35. SUDAH BERAKHIR

1.4K 234 34
                                    

35. SUDAH BERAKHIR

Anggi manggut-manggut dengan ekspresi santai. "Ohh... jadi Lo mau gue temenin Lo berobat gitu. Atau jangan-jangan Lo mau konsultasi sama gue lagi, sorry ya gue bukan psikolog."

"Bukan gitu," tekan Rigan. Raut mukanya tiba-tiba berubah serius. "Dulu gue bilang kalau gue punya masalah keluarga, kan? Dan Lo sendiri yang menawarkan diri buat jadi salah satu orang yang jadi tempat gue cerita." ucapnya. "Mungkin ini saatnya," Rigan tanpa permisi memegang tangan Anggi membawanya entah kemana.

Anggi yang masih bingung memilih diam dan mengikuti langkah Rigan entah kemana.

Mereka berhenti di depan pintu bercat putih dengan papan nama yang tertempel di kusen pintu bertuliskan, "Ruangan Teratai".

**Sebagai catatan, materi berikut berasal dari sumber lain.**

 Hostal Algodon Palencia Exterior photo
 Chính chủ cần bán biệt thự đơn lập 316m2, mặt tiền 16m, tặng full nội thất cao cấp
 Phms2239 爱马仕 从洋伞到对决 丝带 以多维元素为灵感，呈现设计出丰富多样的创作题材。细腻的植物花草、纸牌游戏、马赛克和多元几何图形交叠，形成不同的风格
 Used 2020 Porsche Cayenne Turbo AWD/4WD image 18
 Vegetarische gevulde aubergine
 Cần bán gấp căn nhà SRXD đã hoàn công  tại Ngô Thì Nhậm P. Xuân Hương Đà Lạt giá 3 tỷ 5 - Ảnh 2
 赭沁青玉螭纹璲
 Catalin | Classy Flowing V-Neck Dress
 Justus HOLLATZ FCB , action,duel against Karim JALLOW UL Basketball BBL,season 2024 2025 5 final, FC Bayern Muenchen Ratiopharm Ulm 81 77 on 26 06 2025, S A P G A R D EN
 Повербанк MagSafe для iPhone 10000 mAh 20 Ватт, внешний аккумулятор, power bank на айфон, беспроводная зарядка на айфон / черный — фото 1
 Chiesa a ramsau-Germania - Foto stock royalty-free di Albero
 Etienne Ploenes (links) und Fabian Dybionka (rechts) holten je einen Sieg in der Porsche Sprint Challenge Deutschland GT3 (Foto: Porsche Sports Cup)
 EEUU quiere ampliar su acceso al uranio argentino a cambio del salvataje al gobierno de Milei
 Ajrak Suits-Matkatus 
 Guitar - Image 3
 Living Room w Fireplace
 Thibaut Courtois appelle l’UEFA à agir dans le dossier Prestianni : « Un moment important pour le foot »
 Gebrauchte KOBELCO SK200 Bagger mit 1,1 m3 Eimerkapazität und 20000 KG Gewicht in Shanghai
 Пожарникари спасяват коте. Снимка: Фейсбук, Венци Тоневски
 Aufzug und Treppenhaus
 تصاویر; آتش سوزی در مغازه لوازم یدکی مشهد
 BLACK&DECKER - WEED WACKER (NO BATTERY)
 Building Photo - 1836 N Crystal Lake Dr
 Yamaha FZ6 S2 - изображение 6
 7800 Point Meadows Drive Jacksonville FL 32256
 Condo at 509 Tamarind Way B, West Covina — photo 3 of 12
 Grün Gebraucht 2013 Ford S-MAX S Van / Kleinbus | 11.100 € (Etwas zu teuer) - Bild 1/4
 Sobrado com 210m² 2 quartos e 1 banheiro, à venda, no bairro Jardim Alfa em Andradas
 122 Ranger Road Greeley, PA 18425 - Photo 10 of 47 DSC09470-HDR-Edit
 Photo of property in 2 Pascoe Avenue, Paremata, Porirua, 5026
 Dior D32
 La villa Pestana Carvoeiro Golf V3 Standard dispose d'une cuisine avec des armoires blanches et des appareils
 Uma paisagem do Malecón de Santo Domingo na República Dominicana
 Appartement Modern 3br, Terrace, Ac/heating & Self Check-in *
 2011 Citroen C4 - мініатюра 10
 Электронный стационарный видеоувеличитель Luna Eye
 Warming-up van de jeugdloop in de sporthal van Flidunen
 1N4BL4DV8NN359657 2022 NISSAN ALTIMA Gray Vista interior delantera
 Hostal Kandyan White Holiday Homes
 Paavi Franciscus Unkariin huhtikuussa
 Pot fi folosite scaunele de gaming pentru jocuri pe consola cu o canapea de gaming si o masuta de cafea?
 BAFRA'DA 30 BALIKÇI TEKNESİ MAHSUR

Apa cowok ini ingin menjenguk seseorang?

Rigan menarik nafas dalam-dalam lantas mulai memutar kenop pintu. Anggi sedikit terkejut saat melihat tiga orang dibalik ruangan menoleh serentak. Yang lebih membuatnya terkejut lagi ada Razael di sana. Cowok itu sedang berdiri di samping brankar pasien. Dan seseorang yang terbaring di sana adalah Isabella. Wanita itu tersenyum lemah ke-arah Anggi. Apa dia sakit keras?

"Rigan, mama senang akhirnya kamu mau datang," ucap Isabella serak.

Rigan tidak merespon apapun. Sedangkan Anggi mengikut arah tatapan Razael yang terus melihat tangannya. Ia baru sadar, lantas hendak melonggarkan tautan tangannya, namun Rigan justru menggenggamnya semakin erat seolah takut Anggi akan kabur.

Mahardhika menatap Rigan tidak suka. Anggi juga dapat melihatnya. Ada semburat emosi tertahan di sana. Ia yakin memang ada masalah serius di keluarga ini.

"Hidup," ucap Isabella tepat saat Anggi dan Rigan berdiri di samping brankar. "Hidup mama udah nggak lama lagi, sayang."

"Terus lo mau gue kasihani gitu," ucap Rigan dengan nada rendah namun penuh penekanan.

"Rigan!!" bentak Mahardhika murka. Semburat merah di wajahnya begitu terlihat jelas.

Tiba-tiba Razael berbisik di telinga Anggi sambil menggumankan sesuatu. "Kita keluar,"

Anggi ingin melepas cekalan Rigan yang begitu erat. "Lepasin gue," mungkin tidak seharusnya ia berada di tengah keluarga ini.

Rigan melirik ke samping, "siapa yang izinin lo keluar?"

"Uhuk!! Uhuk!! Uhuk!!" Isabella terbatuk-batuk sampai-sampai wajahnya berkeringat dingin. "Mama tidak menghianati persahabatan dengan mama kamu, Rigan. Tid—ak sepe—rti itu." ucapnya terbata. Mahardhika menghampiri. "Kamu tidak perlu memaksakan diri." Isabella menggeleng lemah. Ia benar-benar harus menceritakan ini. Harus!

Rigan tersenyum tipis, tidak habis pikir. "Mau bikin drama lagi, ha?"

"Lo nggak boleh ngomong gitu sama nyokap lo sendiri!" peringat Anggi.

"Dia bukan nyokap gue!"

Anggi menghela. Berbicara dengan Rigan sama saja berbicara dengan batu. "Seenggaknya Lo kasih dia kesempatan buat ngomong," akhirnya usahanya berhasil melepaskan tangannya dari genggaman tangan Rigan.

Ia mendekati Isabella. "Tante, nggak usah dengerin apa yang Rigan bilang. Dia sinting."

Rigan melotot sedangkan Isabella tersenyum tipis. "Hidup Tante udah nggak lama lagi. Tante cuma mau mengungkap fakta yang sebenarnya tentang mama kandung Rigan. Tante takut sebelum itu, tante udah pergi. Tante nggak mau menyesal."

Anggi menoleh pada Rigan yang terdiam tanpa ekspresi. "Ya, udah kalau gitu saya keluar, ya tante."

"Kamu di sini aja nggak papa, kok tante seneng." balas Isabella.